2008 social media video game

Mob Wars is a multiplayer role-playing game hosted on the social networking site Facebook. It allows players to engage in Mafia-style wars with one another and has become one of the most lucrative Facebook applications and the first to net US$1M per month in revenue. However, this number has never been confirmed by the developer or any third parties.

Developed by David Maestri while he worked for Freewebs.com, it was subsequently the subject of an unsuccessful intellectual property lawsuit as Maestri's former employers attempted to claim ownership over the asset. The lawsuit was ultimately settled in December 2008 with the IP for Mob Wars remaining with Maestri but with SGN allowed to develop their own Mafia based role-playing application. In August 2008, Mob Wars had 2.5 million active users. It has spawned several very similar games with nearly identical gameplay and format on both Facebook and MySpace, some of which, such as Zynga's Mafia Wars, were the subject of further lawsuits. Zynga made some changes to Mafia Wars so it wouldn't resemble Mob Wars as closely, but Mob Wars creator David Maestri moved forward with his lawsuit. In September 2009, Maestri and Zynga settled the case for about $7–$9 million, less than the $10 million Maestri had originally demanded.

== Gameplay ==

Mob Wars is a simple role-playing game. There is no world for the player to move around in. The only type of character interaction the player experiences with other players, is either by sending them messages, weapons, and energy boosts, or attacking them. Like many Facebook applications, most of the gameplay revolves around having friends of the player join the player's mob through means made possible in the game.
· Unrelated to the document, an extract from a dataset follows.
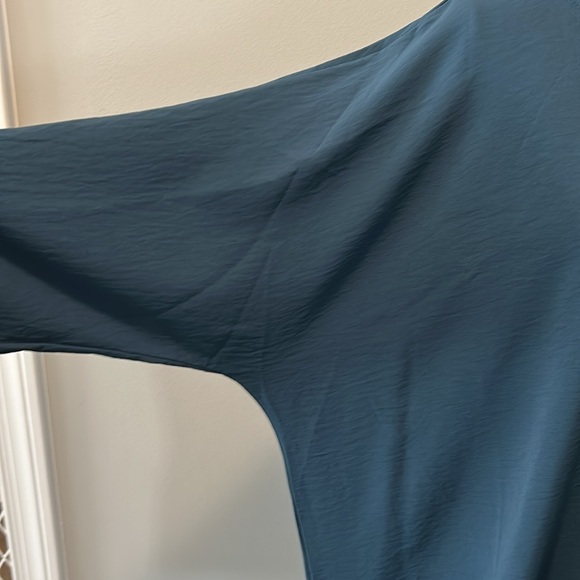 NWOT. Woman’s round neckline blouse with 3/4 length sleeves & ruffle hemline. - Picture 6 of 10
The player starts off as a petty thief and works his way up to doing bigger and better paying jobs and heists. The player gains strength by equipping his mob with weapons, armor and vehicles. These can be drops from doing jobs and heists, gifts from friends, or they can be purchased with game money (earned by doing jobs, fighting other players, or as income from investments in properties.)

Favor Points (sub-currency also known as Godfather points) can be used to heal or gain more game money. They are slowly earned as the player levels up or can be gained quickly by participating in sponsor surveys or off-site membership purchases with a credit card.

Soon after the development of the game, alliances were formed by many players, to promote levelling and to organize group attacks, and to protect against those same tactics. Some families were more organized than others and these alliances would range from only a few players to hundreds. Eventually the game itself evolved to promote the family aspect of the game, giving each player's character the option of either staying on their own, creating their own family or joining another family. If the respective character is a member of an in-game family, they would be "tagged" with the family name, which would link to the family page, listing all of the mobsters in that respective family. Many of the original families created in-game family alternatives, but since they were limited to 50 members per family the groups lost many members to other newcomers. In 2012 the Family aspect of the game was improved to include a win–loss percentage in Wars.